Projects worth Rs 32,000 crore are in various stages of execution and plans are underway to implement more projects costing about Rs 1.43 trillion, he said.
According to Singh, plans to nearly double refining capacity by 2030 include “greenfield refineries of subsidiary Chennai Petroleum Corp. Ltd (CPCL) and the proposed Ratnagiri Refinery and Petrochemicals Ltd (RRPCL), apart from numerous brownfield expansions”.
Once completed, the Ratnagiri refinery would be the world’s largest integrated greenfield refinery-cum-petrochemicals complex with a capacity of 60 million tonnes per annum. The project is being executed in partnership with state-owned Bharat Petroleum Corp. Ltd (BPCL) and Hindustan Petroleum Corp. Ltd (HPCL) along with Saudi Aramco and ADNOC of UAE.
“Several pipeline projects with a combined capital expenditure of over Rs 20,000 crore are under implementation. Upon completion, Indian Oil’s pipeline network would expand to about 20,000 km,” Singh said, adding that a 69-km pipeline is also being laid to transport petroleum products to Nepal.
Indian Oil’s current investment cycle includes Rs 16,628 crore in upgrading refineries to produce Euro-VI emission norms compliant petrol and diesel by 2020 as against Euro-IV fuel being produced now. The company is investing Rs 15,600 crore in expansion of petrochemical projects and another Rs 74,600 crore in raising the capacity of its existing refineries.
Another Rs 36,500 crore worth of projects are in pipeline but have not been approved by Indian Oil’s board yet. These include expansion of its newest refinery at Paradip in Odisha to 18 million tonnes from current 15 million tonnes, as also the expansion of Bongaigaon unit.
Expansions are planned at the firm’s Panipat refinery in Haryana, Koyali refinery in Gujarat, Barauni refinery in Bihar and Mathura refinery in Uttar Pradesh. Indian Oil is also looking at adding 9 million tonnes capacity to its subsidiary CPCL.
On diversification, Singh said Indian Oil has decided to infuse equity in Paradip Plastic Park Ltd, a joint venture with Industrial Development Corporation of Odisha to promote downstream plastics-based units near the Paradip refinery. The company has plans for setting up a Textiles Park in Odisha based on the feedstocks available from Paradip refinery.
“Looking at the future, the company is strongly focussed on offering a bouquet of ecofriendly energy options other than liquid fuels to its customers. These would include natural gas, LNG, CNG, PNG, autogas, biogas, hydrogen and electricity,” said the Indian Oil chairman.

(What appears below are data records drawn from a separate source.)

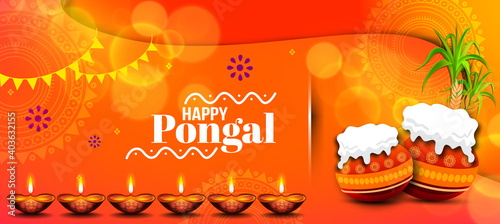 South Indian Festival Pongal Background Template Design Vector Illustration Happy Pongal Holiday Harvest Festival of Tamil Nadu 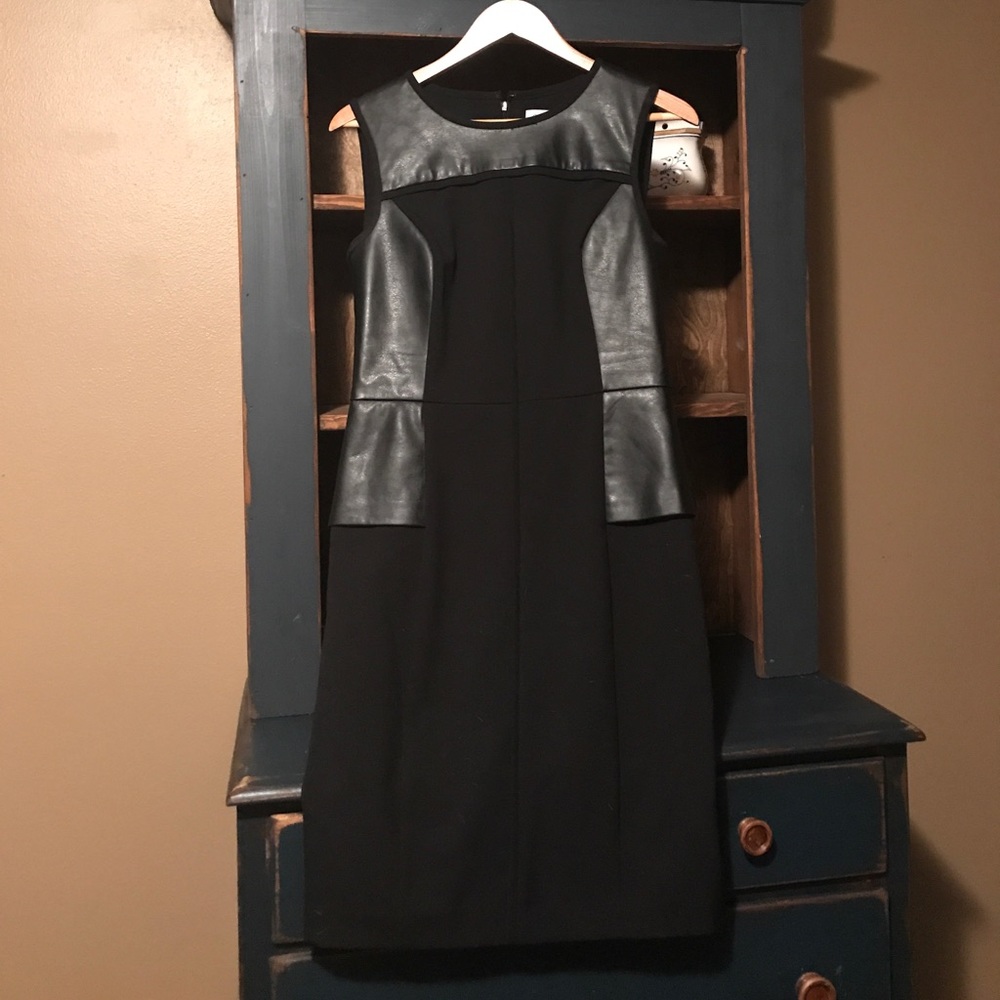 Calvin Klein sleeveless dress  leather detail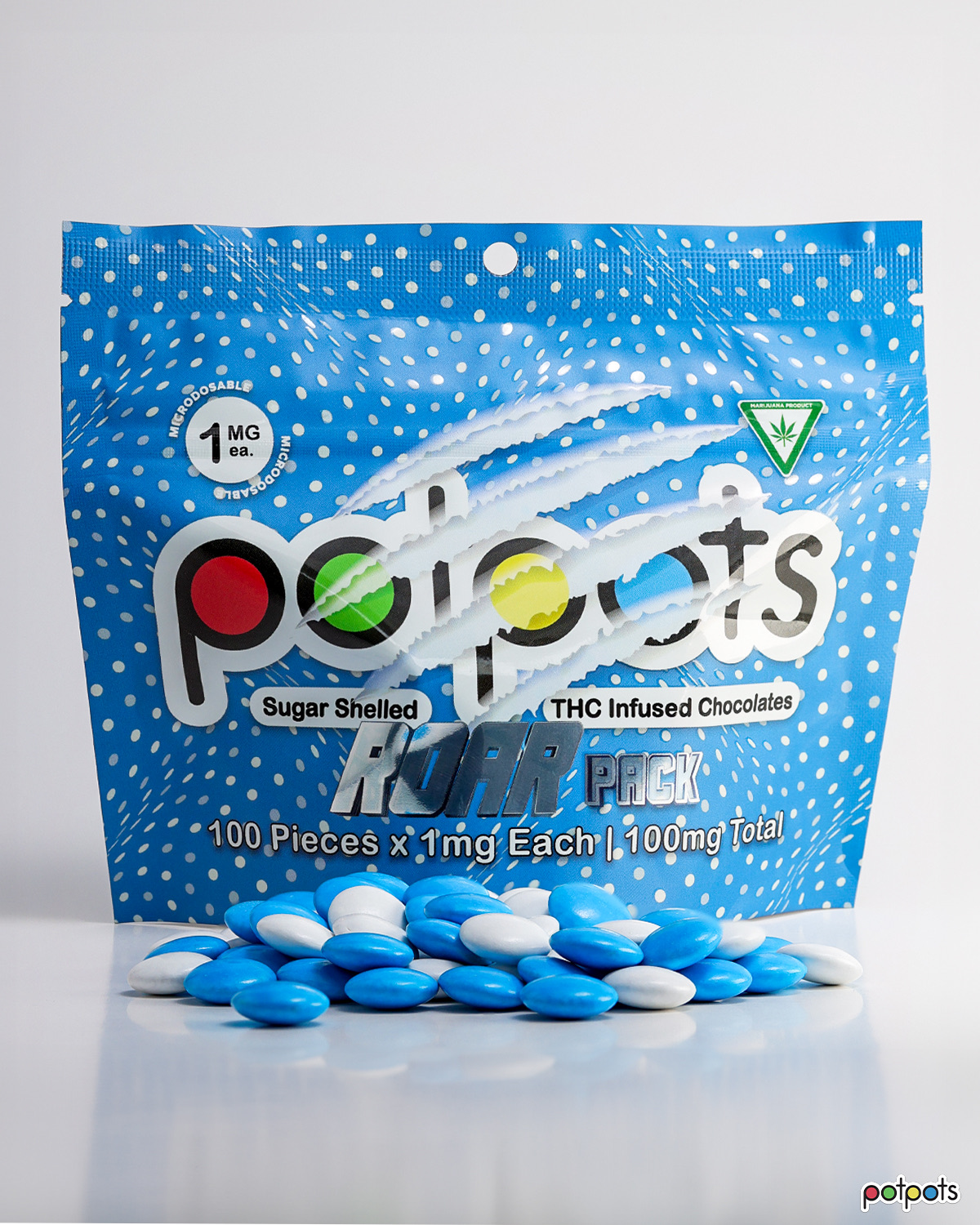 Photograph of product: Potpots - Milk Chocolate - ROAR Pack - 100mg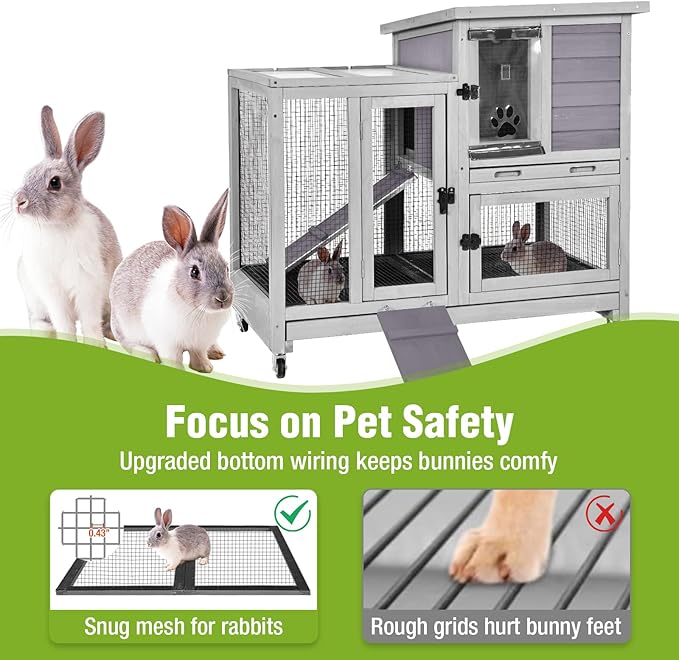 2-Story Rabbit Hutch Indoor Bunny Cage Outdoor Guinea Pig House with Wire Mesh Floor, Leak-Proof Trays, Lockable Wheels for Rabbits, Guinea Pigs, 40.6" L x 26" W x 37.6" H-PawvioPets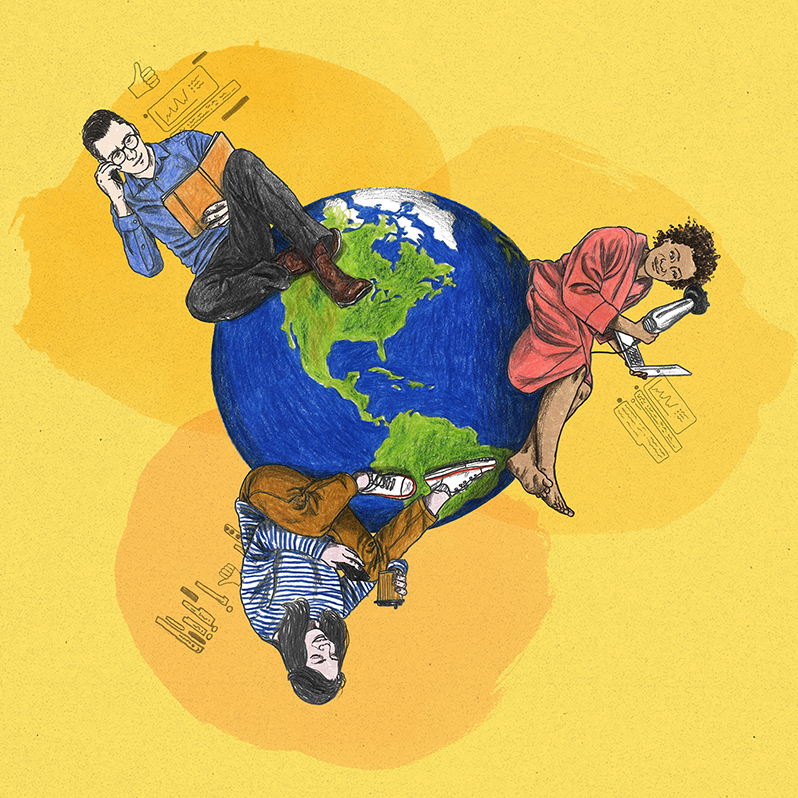 An illustration of three people sitting on top of a disproportionately small planet Earth. A man dressed in standard workplace attire sits on one side of the globe and holds a phone to his ear as he reads a book. A woman on the other side of the globe who’s dressed in a bathrobe dries her hair with a blow-dryer while working on a laptop she’s carrying. Another woman on the underside of the globe who’s dressed in casual clothes and sneakers sips coffee while looking at her smartphone.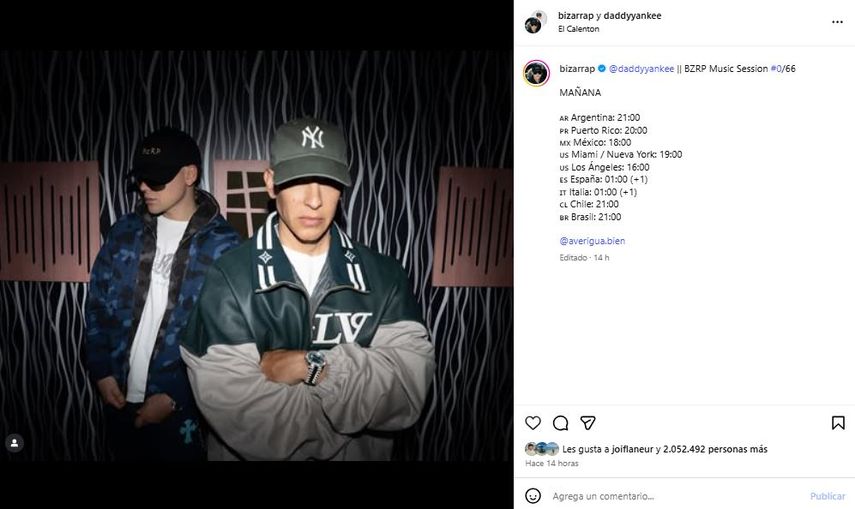 El músico argentino Bizarrap y el reguetonero boricua Daddy Yankee.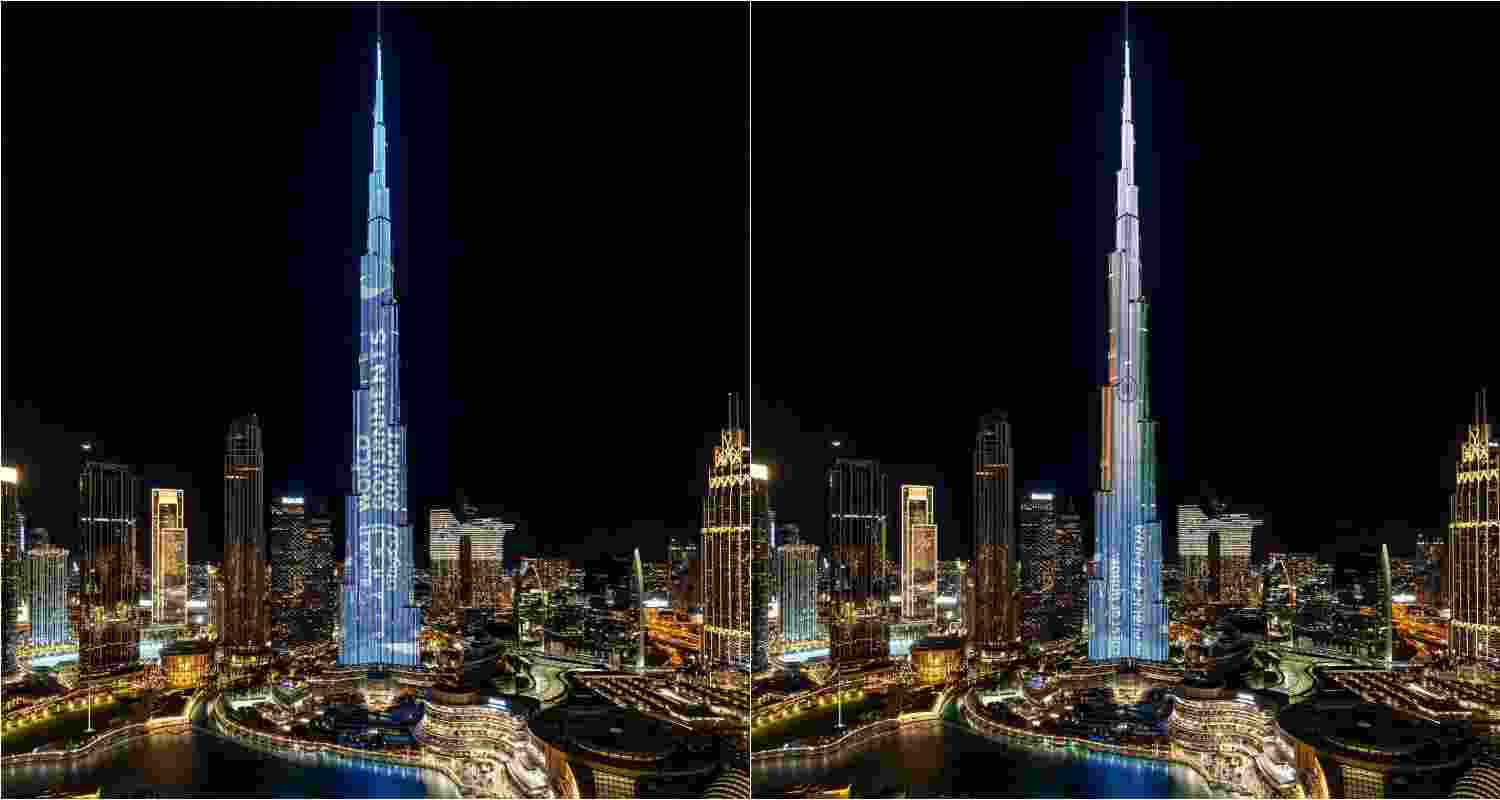 Burj Khalifa illuminated with Indian Tricolour in honor of PM Modi's arrival for World Govt Summit. Image Credit: X Burj Khalifa illuminated with Indian Tricolour in honor of PM Modi's arrival for World Govt Summit. Image Credit: X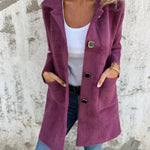 Arya | Long Sleeve Button Coat with Pockets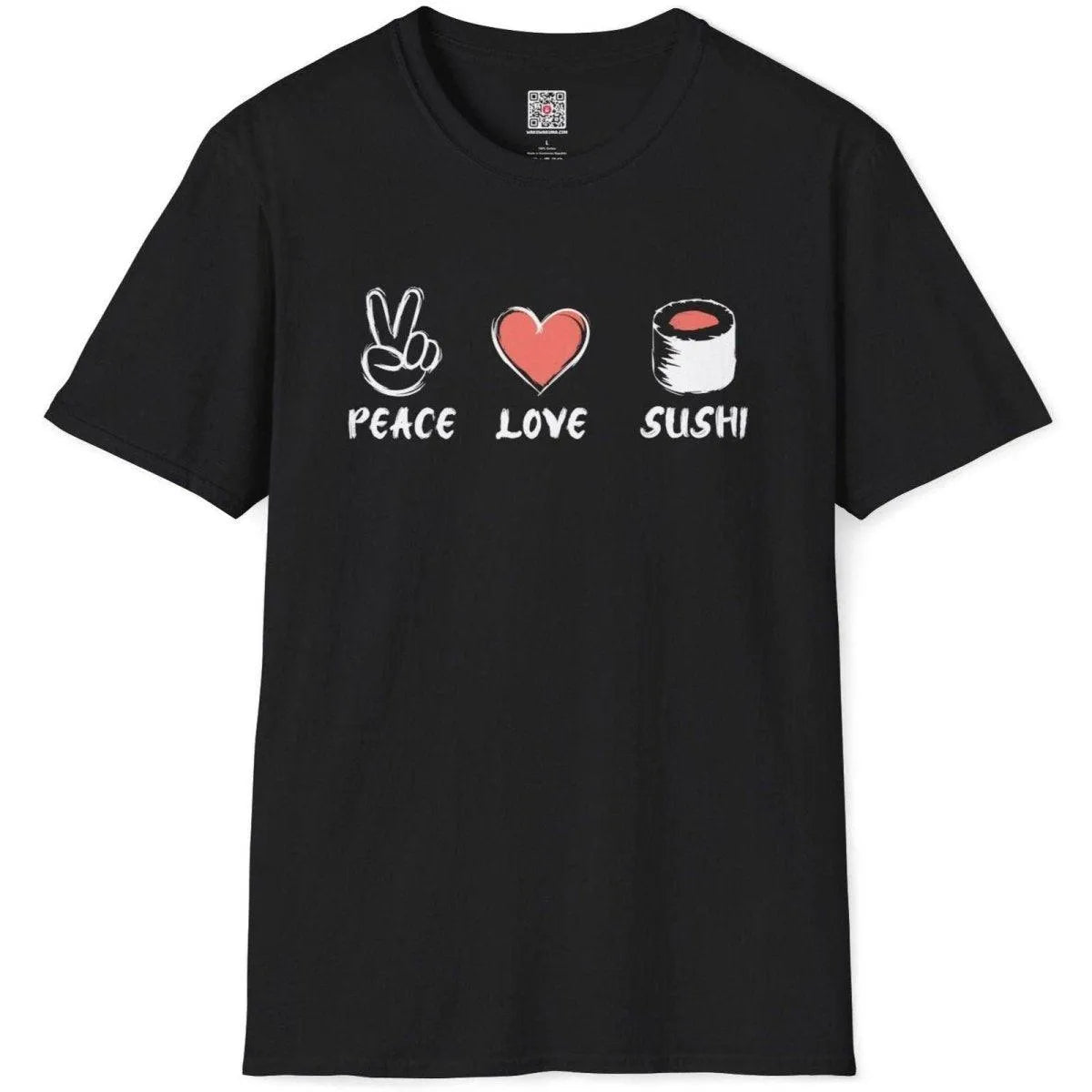 Black t-shirt flatlay displaying bold peace sign, red heart, and sushi roll with Japanese-inspired text below.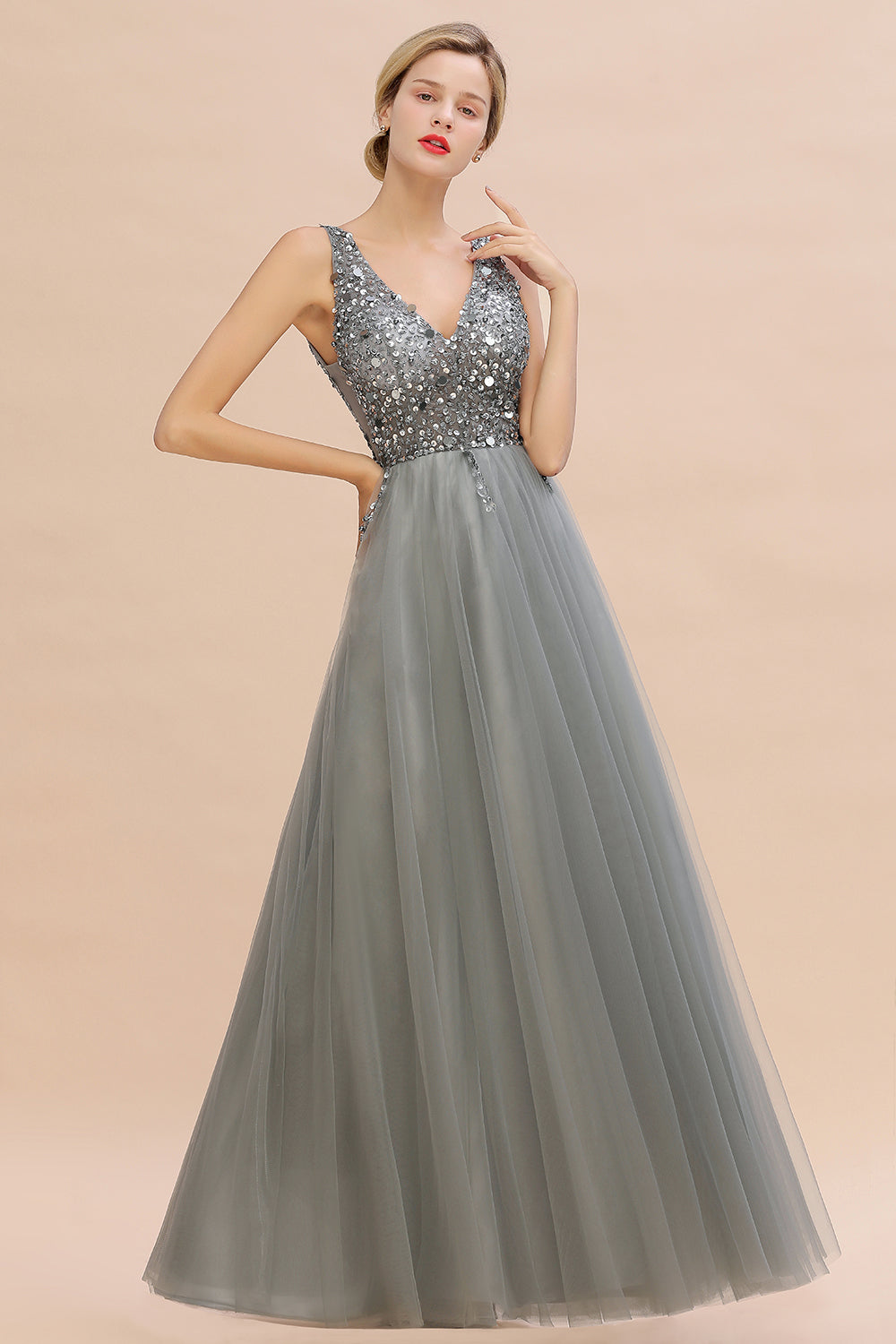 Long V-neck Tulle A-line Chiffon Beaded Formal Evneing Dress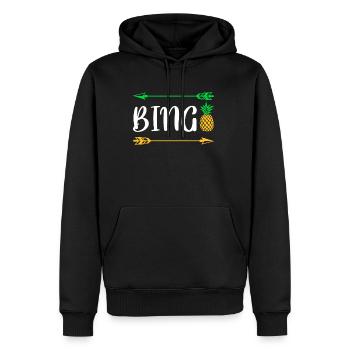 Bingo Ananas Shirt Geschenk - Männer Premium Bio Hoodie - Schwarz - Vorne - Nico (187cm)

According to Singh, Indian Oil’s 5 million tonnes a year LNG import terminal at Kamarajar Port in Ennore, Tamil Nadu, would be commissioned by the end of the current year. Indian Oil is also booking capacities in other LNG terminals, both on the east and west coasts of India.
“Indian Oil is developing three natural gas pipelines—Mallavaram-Bhopal-Bhilwara-Vijaipur, Mehsana-Bhatinda & Bhatinda-Jammu,” Singh said, adding it is also partnering in the development of a 1,500-km natural gas pipeline grid to connect Guwahati to other major cities of all north-eastern states. Indian Oil retails CNG to vehicles and piped cooking gas to households in nine cities and is “aggressively taking part in the various bidding rounds for gas,” Singh added.
IOC, the Maharatna PSU, is India's largest commercial enterprise and the highest-ranked Fortune 'Global 500' integrated energy major, with a sales turnover of over US$ 65 billion, accounting for nearly half of India's petroleum products consumption and the largest refiner of the country with 11 out of 23 refineries in India.